Collected data entries:
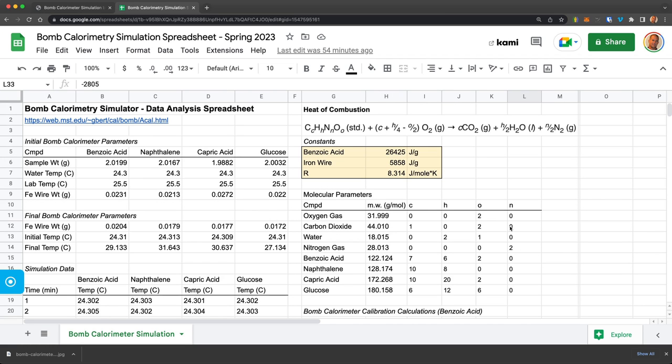And I hope this spreadsheet shows you how you would take that simulated data and put it into a spreadsheet that is almost indistinguishable from what you would do if you did this as an on-ground, in-lab experiment.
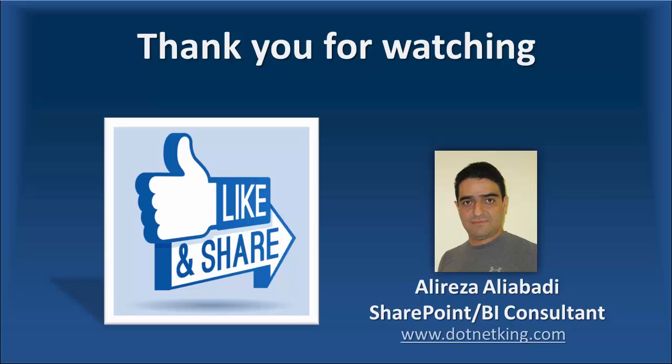Thank you for watching. I hope you enjoyed the video. Don't forget to like and share the video. And if you haven't subscribed yet, please click on subscribe. And stay in touch. I'll see you next time.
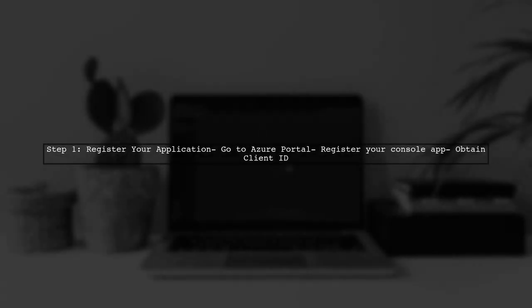To implement this, you'll need to register your console application in the Azure portal. This registration will provide you with a client ID, which is essential for the authentication process.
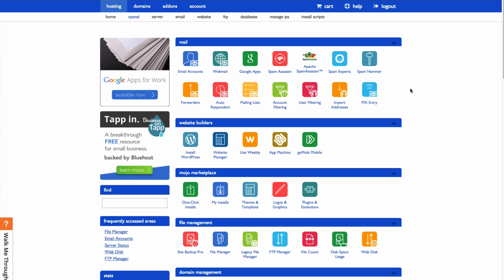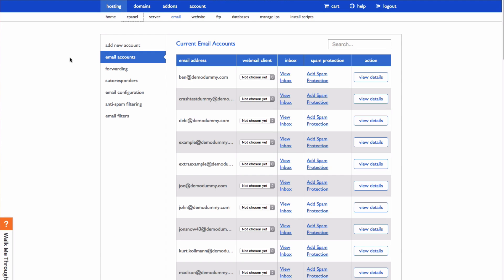From your cPanel, go to the submenu and click the Email Quick link. This will bring you to your Email Manager, which will show you all of your currently existing email accounts here.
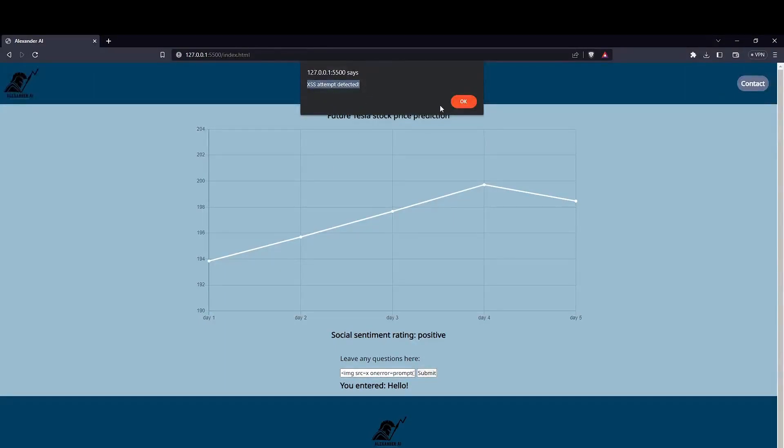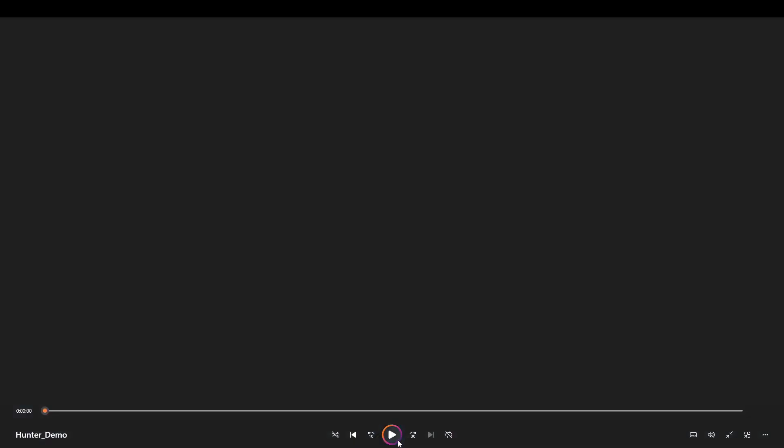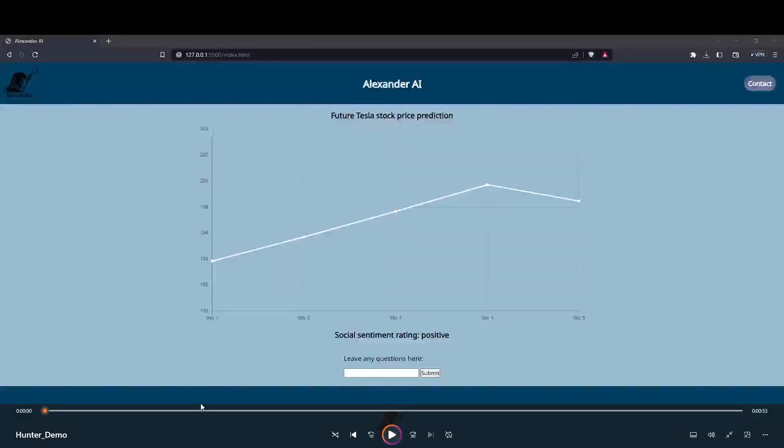And as you can see, the script is stopping the intrusion from going through. Here, the script is being activated.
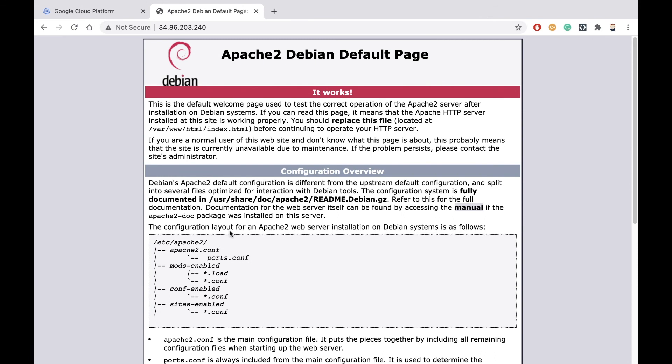Okay, in this demo, we saw how to create firewall rules for your Google Cloud Platform networks. I'm Doug Renstrom with ROI Training. We'll see you soon.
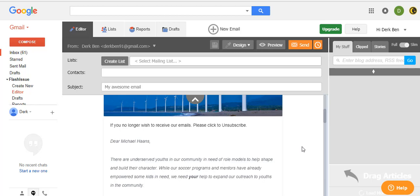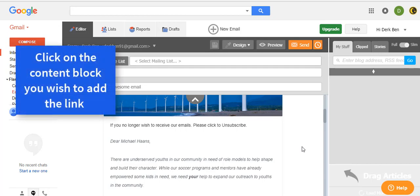You can now make your flash issue emails GDPR compliant by adding an unsubscribe link within the email. To do so, click on the text box.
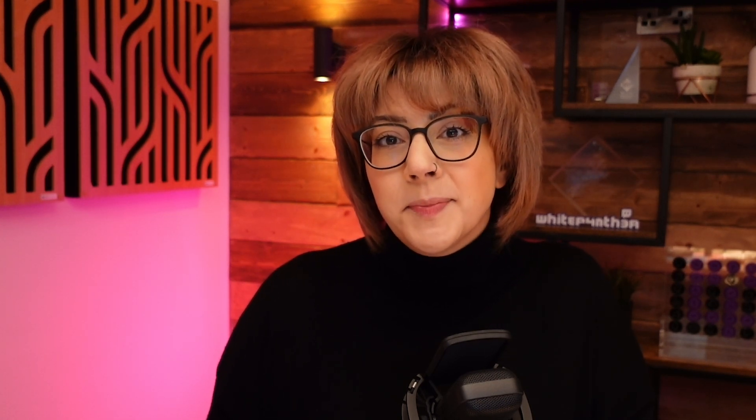Whilst there are ways to do this in JavaScript, which I talk about in the blog post linked below, I always prefer where possible to find HTML-only solutions to these kinds of problems. And this is where the HTML object element comes in.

WHAT THE TASK ASKS:
Pictures are to be left out; otherwise, retype exactly the lines from the first line of the data through the line containing "Okay, in this".

RESULT OF THE EXERCISE:
And I hope this spreadsheet shows you how you would take that simulated data and put it into a spreadsheet that is almost indistinguishable from what you would do if you did this as an on-ground, in-lab experiment.
Thank you for watching. I hope you enjoyed the video. Don't forget to like and share the video. And if you haven't subscribed yet, please click on subscribe. And stay in touch. I'll see you next time.
To implement this, you'll need to register your console application in the Azure portal. This registration will provide you with a client ID, which is essential for the authentication process.
From your cPanel, go to the submenu and click the Email Quick link. This will bring you to your Email Manager, which will show you all of your currently existing email accounts here.
And as you can see, the script is stopping the intrusion from going through. Here, the script is being activated.
Okay, in this demo, we saw how to create firewall rules for your Google Cloud Platform networks. I'm Doug Renstrom with ROI Training. We'll see you soon.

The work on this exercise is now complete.